▸ **WHAT YOU ARE ASKED TO DO**
Reproduce the lines below exactly, from the one containing "stone forest near Varna, Bulgaria photo" through the one containing "doudoustore麦穗耳环", both included. Leave out any pictures.

▸ **TASK DATA**
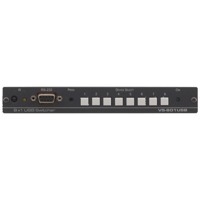 Infrarot Schnittstelle, RS-232 Port und Tasten zur Steuerung des VS-801USB Umschalters von Kramer Electronics.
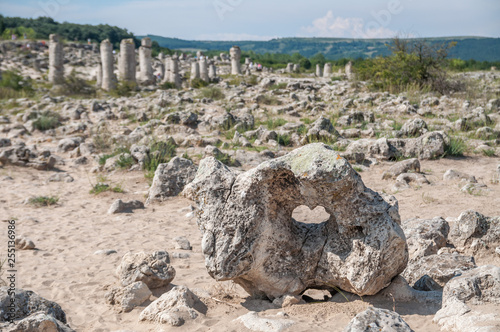 stone forest near Varna, Bulgaria photo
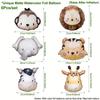 Cartoon Animal Head Balloons Monkey Lion Tiger Zebra Giraffe Balloon for Birthday Party Decoration Jungle Party Decoration Gift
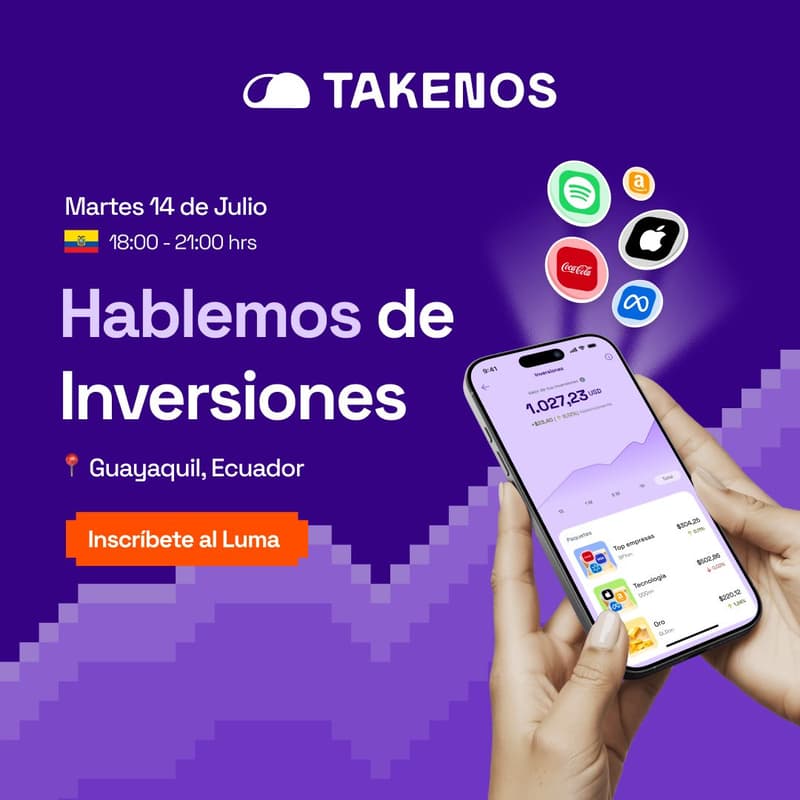 Cover Image for Evento sobre Inversiones by Takenos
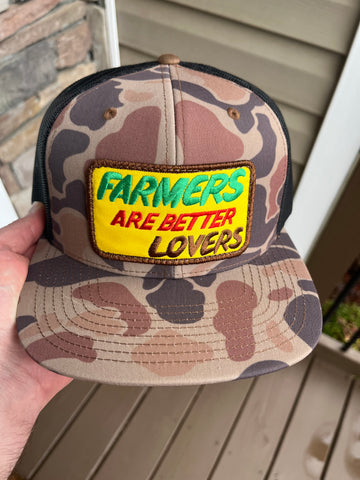 Duck Camo Farmers Are Better Lovers Patch Hat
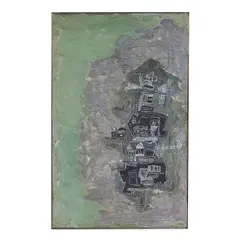 Ynez Johnston, Green Voyage, 1963, oil and encaustic on plastered canvas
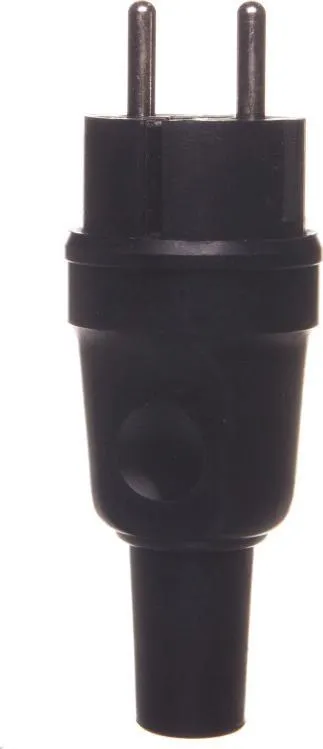 Prizë portative Bals Portable Plug Uni Schuko 732, gomë e plotë, e zezë - 1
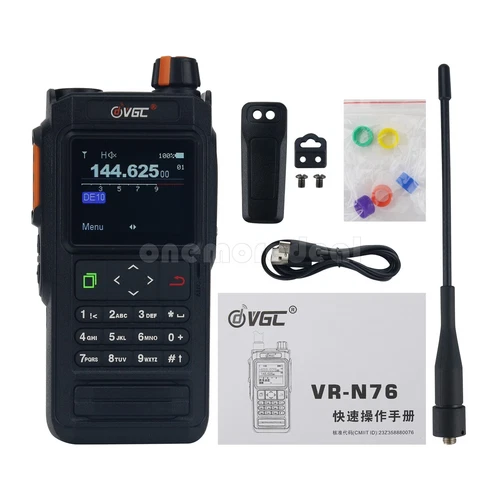 VR-N76 IP67 Portátil UHF VHF Doble Banda IP67 2 Vías Radio Bluetooth GPS APRS/BSS - Imagen 1 de 56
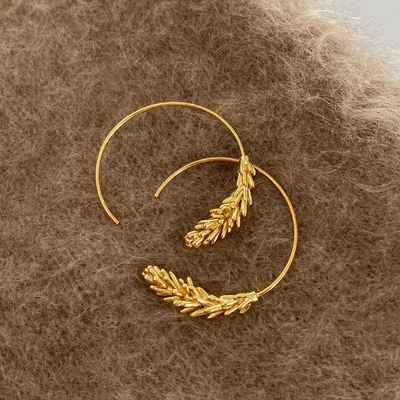 doudoustore麦穗耳环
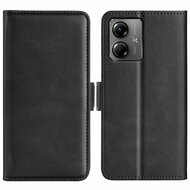 Motorola Moto G14 Hoesje, MobyDefend Luxe Wallet Book Case (Sluiting Zijkant), Zwart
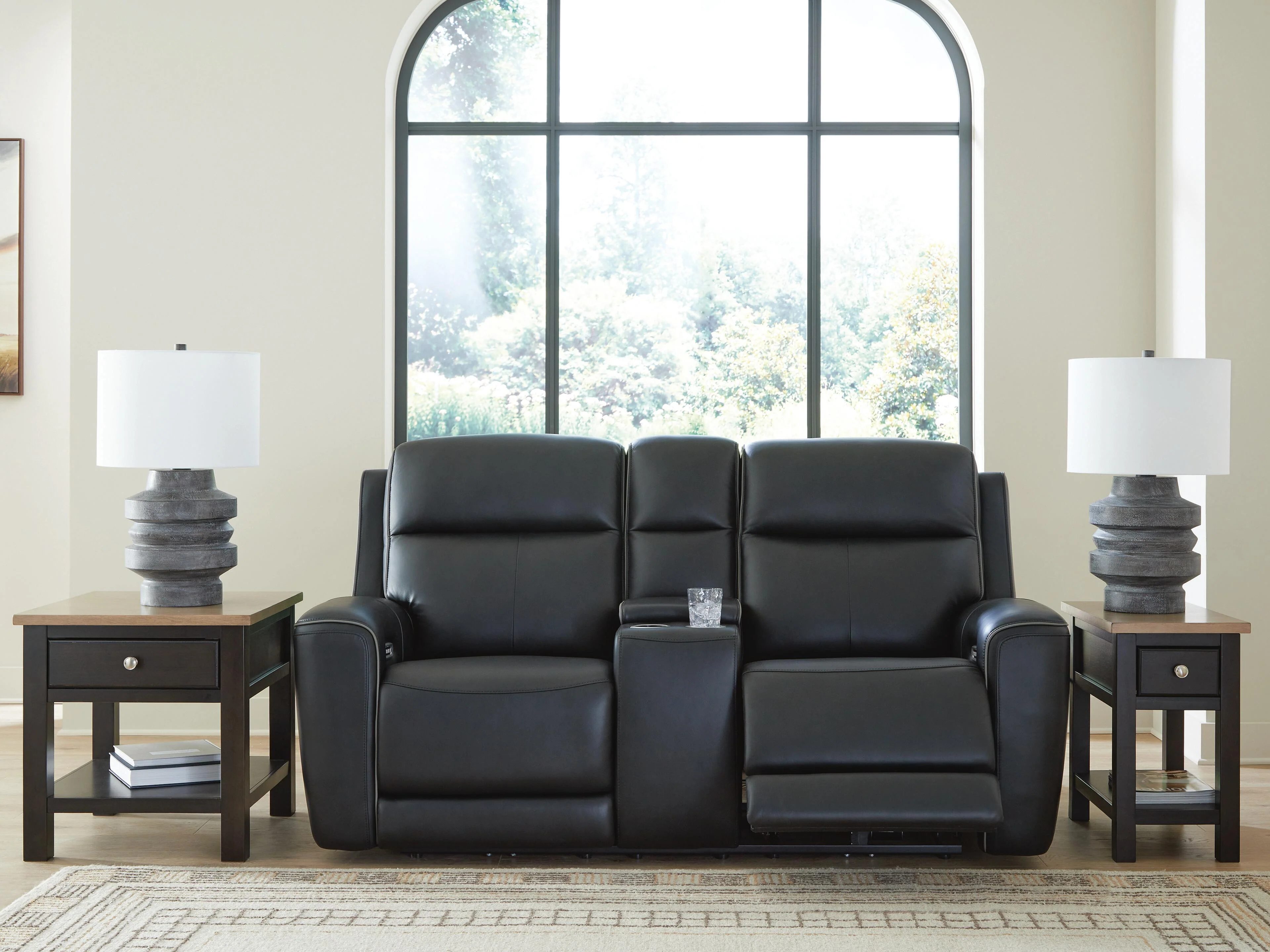 5Z-Comfort Power Reclining Loveseat with Console - Image 20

▸ **EXERCISE SOLUTION**
 stone forest near Varna, Bulgaria photo
 Cartoon Animal Head Balloons Monkey Lion Tiger Zebra Giraffe Balloon for Birthday Party Decoration Jungle Party Decoration Gift
 Cover Image for Evento sobre Inversiones by Takenos
 Duck Camo Farmers Are Better Lovers Patch Hat
 Ynez Johnston, Green Voyage, 1963, oil and encaustic on plastered canvas
 Prizë portative Bals Portable Plug Uni Schuko 732, gomë e plotë, e zezë - 1
 VR-N76 IP67 Portátil UHF VHF Doble Banda IP67 2 Vías Radio Bluetooth GPS APRS/BSS - Imagen 1 de 56
 doudoustore麦穗耳环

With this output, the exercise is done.